Woody Allen delivers a wicked serve in 'Match Point'

Matthew Wilder

Published on January 18, 2006

Woody Allen's Match Point simulates the feeling of flipping through an issue of Town & Country in the VIP lounge of a European airport while sipping a Campari and soda as the sun sets. The hook--the little dose of addictive nicotine, pulling us out of vacation mode--is that we're never allowed to hear the characters' thoughts; we get only the surfaces those characters present to the world around them. This simple choice produces a nearly suffocating tension that, in the last half-hour, has audiences gasping, shrieking, and literally cowering from the screen. (Not since De Palma's The Fury in 1978 have I seen an audience respond like this. It recalls those mythical hillbillies in the silent era who leapt out of the way of the charging locomotive they saw in the very first motion picture.) Forced to set up shop in England for financial reasons, the New Yorker has magically reinvented himself: Unable to write wisecracks for an all-English cast, Allen instead devised a sleek shocker in the Hitchcock/Chabrol vein and, through good luck or an iron will, made the most fully achieved movie of his 40-year directing career.

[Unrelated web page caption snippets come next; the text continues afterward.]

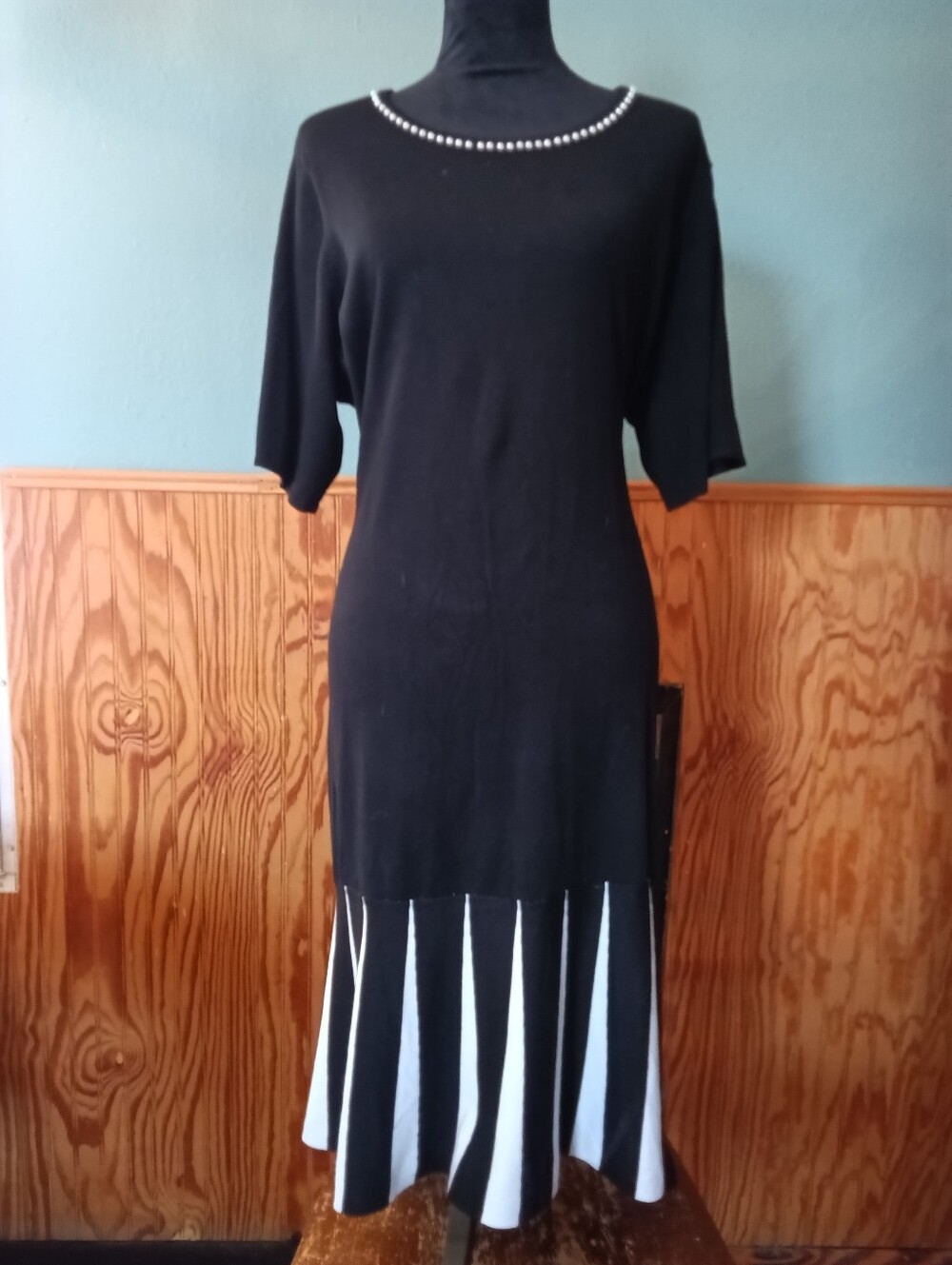 Nina Leonard Long Knit Dress, Size XL, Black & White, Wool. Pull-On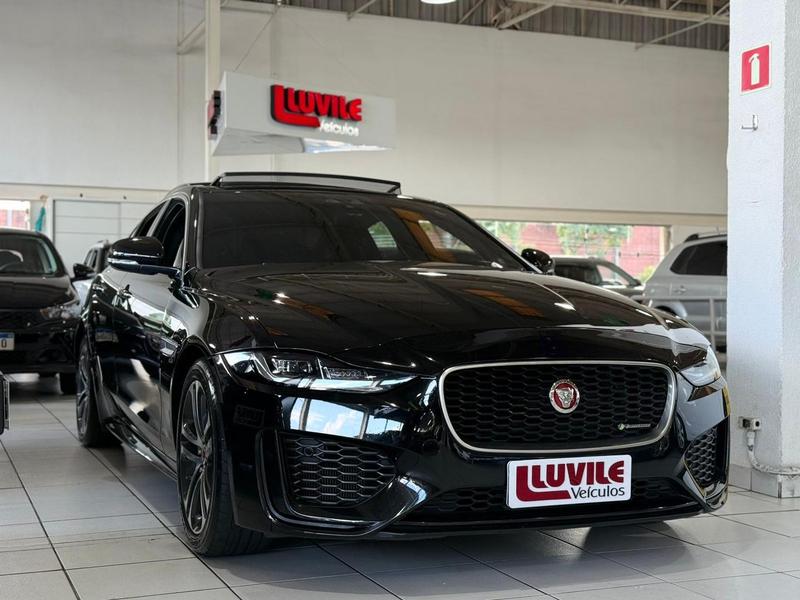 JAGUAR JAG XE P250 R-DYN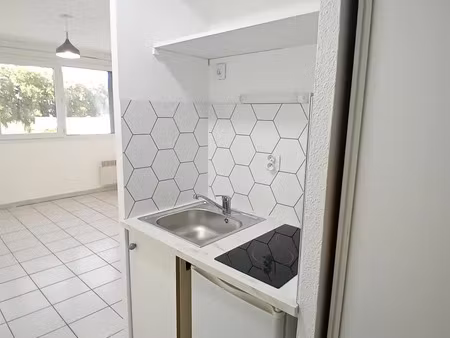 location appartement 1 pièce 18 m² à perpignan (66100)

Chris (Jonathan Rhys-Meyers), an ingenuous and goodhearted Irish tennis pro, befriends Tom (Matthew Goode), the scion of a wealthy London family who brings his less fortunate friend into the bosom of his powerful clan. There, Chris falls for Tom's sister Chloe (Emily Mortimer) and impresses Tom and Chloe's dad (Brian Cox) with his decency and work ethic, finding a posh position in the old man's business. When Chris encounters Nola (Scarlett Johansson), the neurotic, palpably dangerous, smoking-hot American actress whom Tom is dating, we can feel Chris's best-laid plans coming undone, and see a massive train wreck in the works.

That's as much as I'll say about the story--which depends on our expectations of how this four-way collision will play itself out, and on our knowledge of film noir conventions and Woody Allen movies. The movie veers in directions that cause the audience to cry out in amazement, but most of the positive reactions to Match Point I've encountered provide an alibi for the audience, some excuse for the pleasure this movie affords. For instance: It's really an allegory of the Iraq War and the things we'll do to pay for our quality of life. Or: The movie is an unconscious statement on Woody's fetishization of the lifestyles of the rich and famous--he's really more Patrick Bateman than Philip Barry after all!

Indeed, the last reel recalls the "test" that Alfred Hitchcock claimed he put the audience through in Psycho, when we cheered as Norman Bates succeeded in sinking Marion Crane's car in the swamp. We, too, are put to the test (and flunk it); but the director isn't inflicting a guilt trip here. Unlike Michael Haneke in the similarly upscale Caché, Allen wants us to empathize with his privileged characters rather than condemn them--to the point of making the most high-born aristocrats the most decent characters in the picture. (This isn't naive snobbery; it's a deliberate provocation.) What we take away from the movie is the awareness that we, too, would do what Chris did--and, knowing what we know, would do it again.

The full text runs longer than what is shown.